Source material:
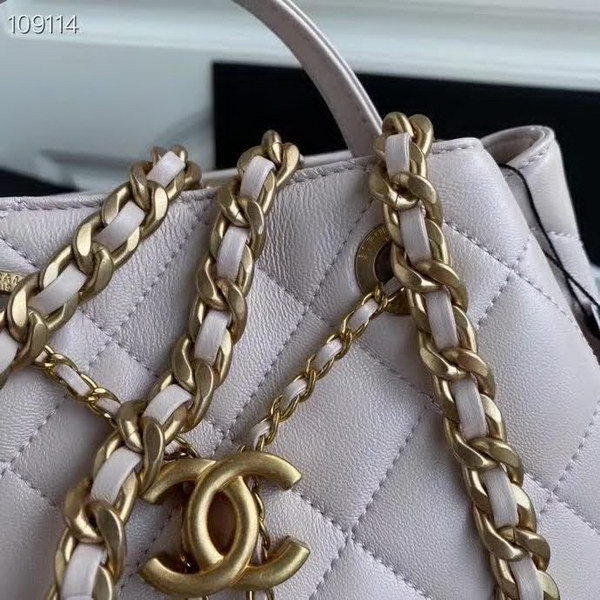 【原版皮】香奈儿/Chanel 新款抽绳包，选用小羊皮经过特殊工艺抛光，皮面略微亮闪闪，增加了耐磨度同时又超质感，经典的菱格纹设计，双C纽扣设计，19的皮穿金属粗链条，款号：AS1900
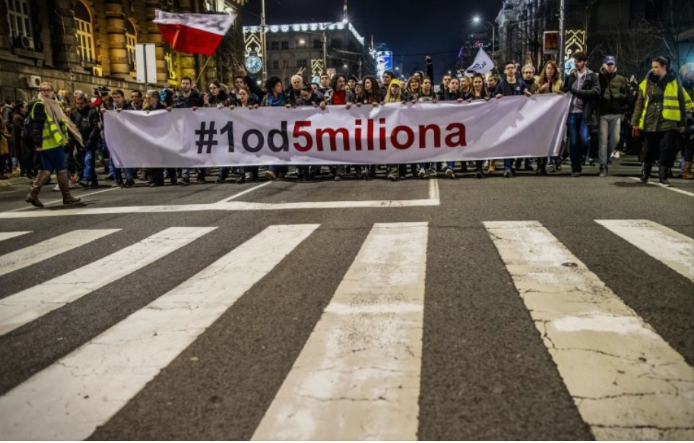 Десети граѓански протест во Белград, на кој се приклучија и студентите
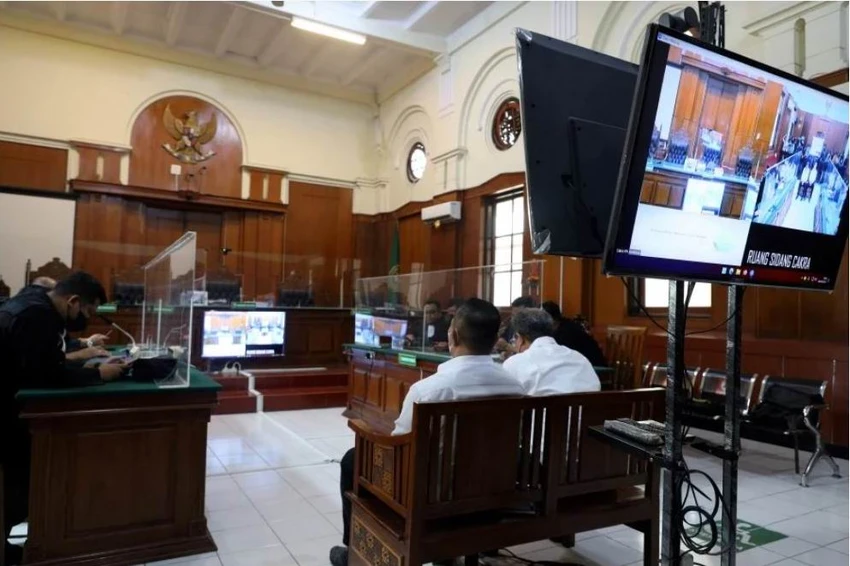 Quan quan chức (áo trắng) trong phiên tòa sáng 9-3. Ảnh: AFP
---
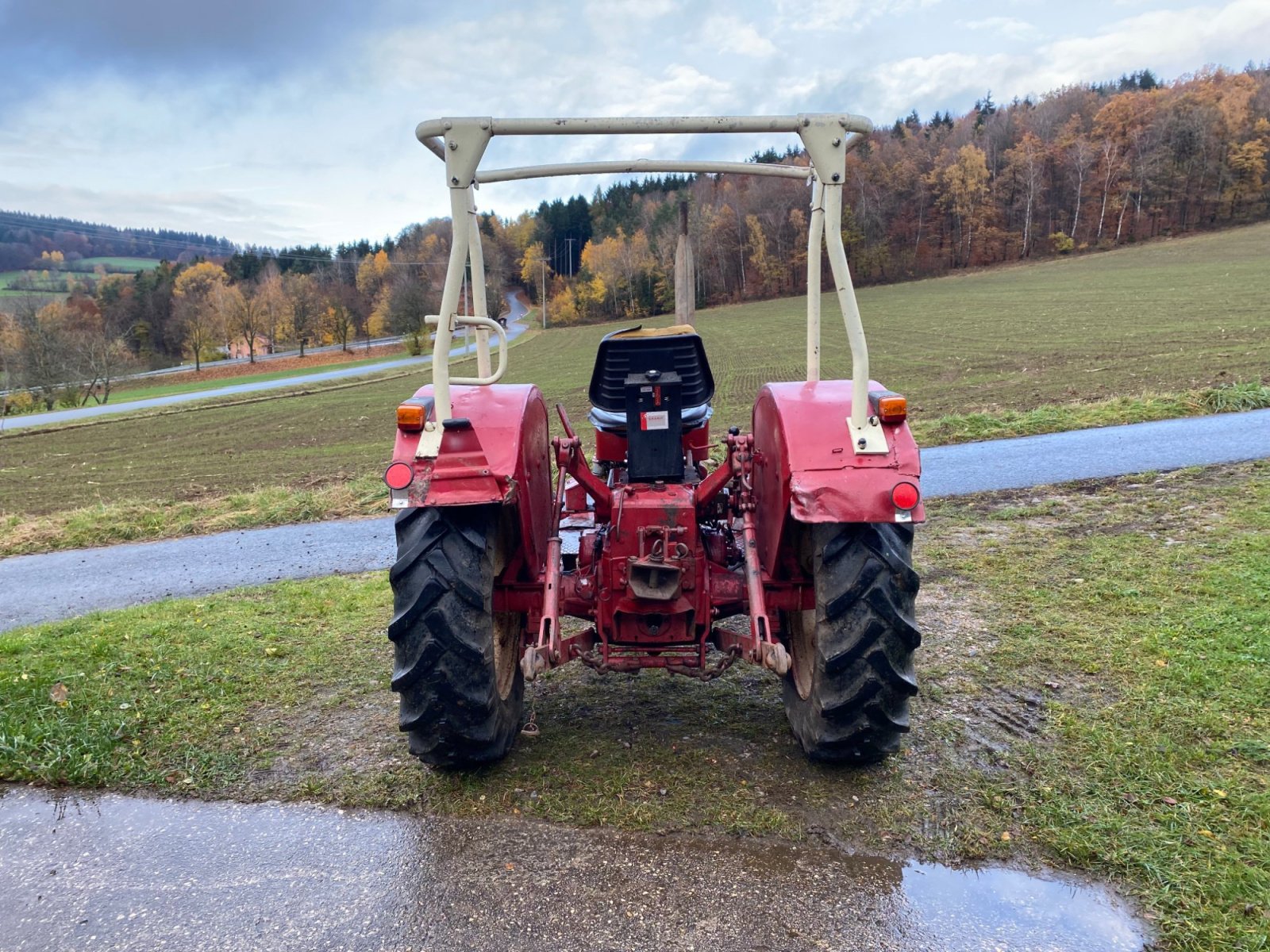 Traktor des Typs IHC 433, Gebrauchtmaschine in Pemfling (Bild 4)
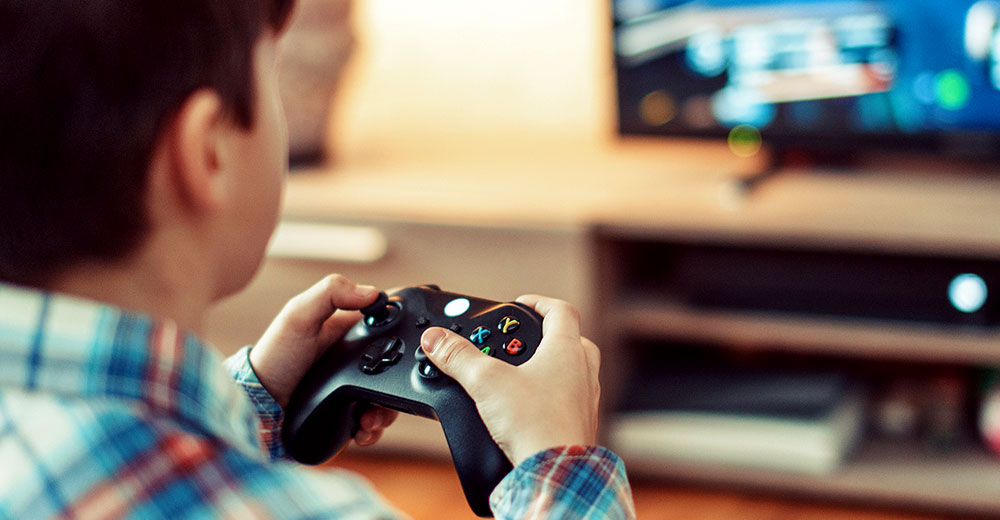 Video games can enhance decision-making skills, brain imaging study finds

Problem to solve: A verbatim reproduction is expected: starting at the line above that has "Traktor des Typs", ending at the line that has "Video games can", both included, and with no pictures and no other lines.

Expected output:
 Traktor des Typs IHC 433, Gebrauchtmaschine in Pemfling (Bild 4)
 Video games can enhance decision-making skills, brain imaging study finds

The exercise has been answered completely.